Farther down the line? Maids, child care workers, office clerks and hairdressers. Not a CEO or hedge fund manager in sight. And, in the end, no president or vice president in 2008. But what about all those career-driven girls going to college and leaving the guys in the dust? A year out of college, they earn 80 percent of what men make. And 10 years out? A staggering 69 percent.

Since the early 1990s, much of the media have come to overrepresent women as having made it— completely—in the professions, as having gained sexual equality with men, and having achieved a level of financial success and comfort enjoyed primarily by the Tiffany’s-encrusted doyennes of Laguna Beach. At the same time, there has been a resurgence of dreck clogging our cultural arteries—The Man Show, Maxim, Girls Gone Wild.
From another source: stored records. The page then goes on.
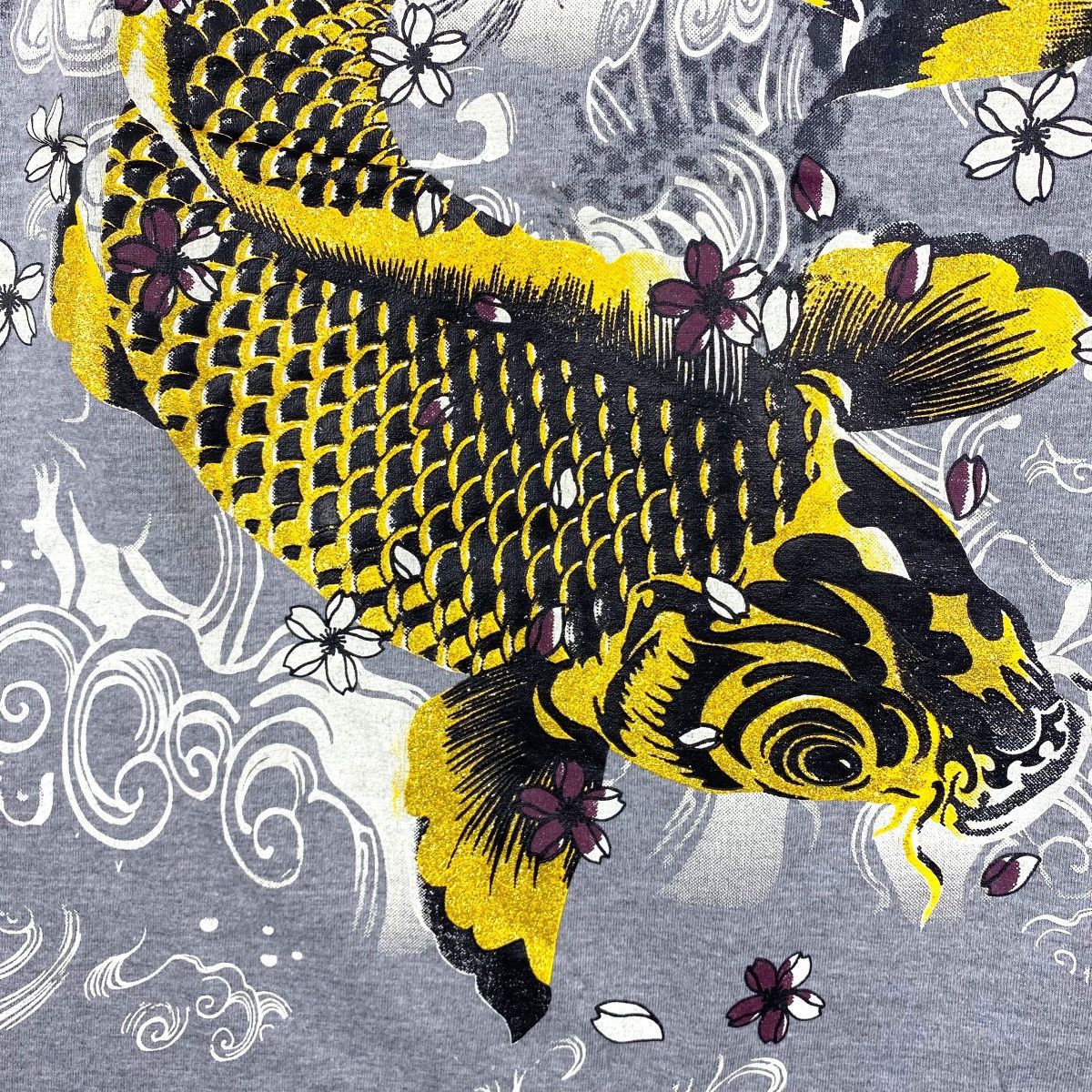 Japanese Brand Vintage Japanese Oriental Sukajan Carps Graphic Tee Size US XXL / EU 58 / 5 - 7 Thumbnail
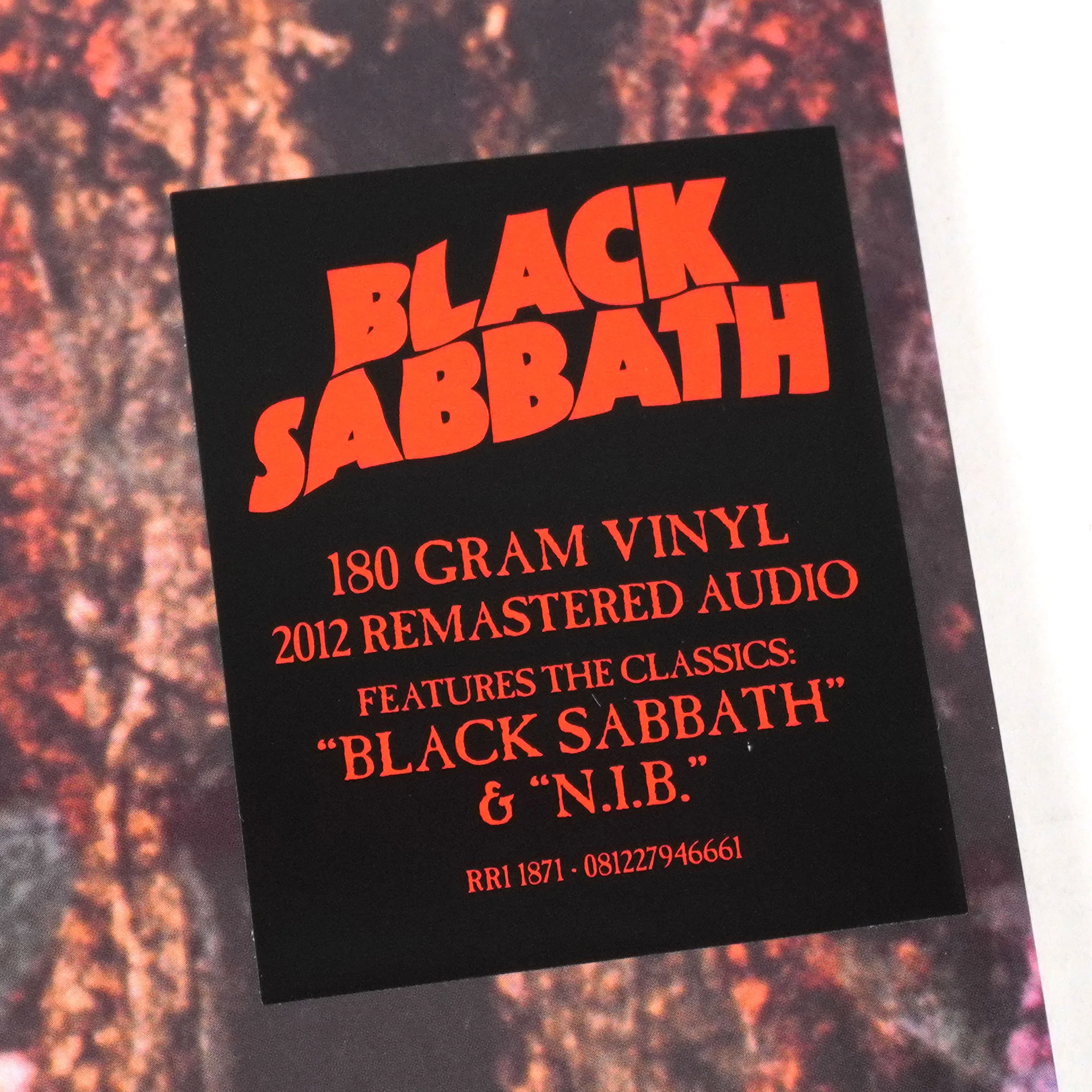Black Sabbath: Black Sabbath (180g) Vinyl LP - Image 4
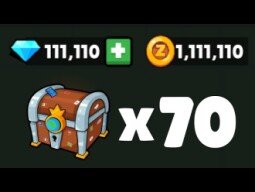 1 million coins, 100K gems? 70x Seasonal Chest Opening | ZombsRoyale.io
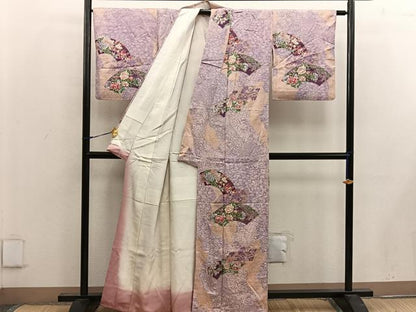 平和屋着物■訪問着 地紙重ね花文 金彩 正絹 逸品 BAAW6915mz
But even this fare was presented as empowering, because while the scantily clad or bare-breasted women may have seemed to be objectified, they were really on top, because now they had chosen to be sex objects and men were supposedly nothing more than their helpless, ogling, crotch-driven slaves.

What the media have been giving us, then, are little more than fantasies of power. They assure girls and women, repeatedly, that women’s liberation is a fait accompli and that we are stronger, more successful, more sexually in control, more fearless and more held in awe than we actually are. We can believe that any woman can become a CEO (or president), that women have achieved economic, professional and political parity with men, and we can expunge any suggestion that there might be anyone living on the national median income, which for women in 2008 was $36,000 a year, 23 percent less than their male counterparts.

Yet the images we see on television, in the movies, and in advertising also insist that purchasing power and sexual power are much more gratifying than political or economic power. Buying stuff—the right stuff, a lot of stuff—emerged as the dominant way to empower ourselves. Women in fictional settings can be in the highest positions of authority, but in real life maybe not such a good idea. Instead, the wheedling, seductive message to young women is that being decorative is the highest form of power—when, of course, if it were, Dick Cheney would have gone to work every day in a sequined tutu.

Enter enlightened sexism

Not that some of these fantasies haven’t been delectable. I mean, Xena single-handedly trashing, on a regular basis, battalions of stubblefaced, leather-clad, murdering-and-raping barbarian hordes? Or Buffy the Vampire Slayer letting us pretend, if just for an hour, that only a teenage girl can save the world from fang-toothed evil? What about an underdog law student, dismissed by her fellow classmates as an airheaded bimbo, winning a high-profile murder case because she understood how permanents work, as Elle did in Legally Blonde? Or let’s say you’ve had an especially stupid day at work and as you collapse on the sofa desperately clutching a martini (hold the vermouth), you see a man on TV tell his female boss that the way she does things is “just not the way we play ball,” and she responds drolly, “Well, if you don’t like the way I’m doing things, you’re free to take your balls and go straight home”? (Yes, The Closer.) Oooo-weeee.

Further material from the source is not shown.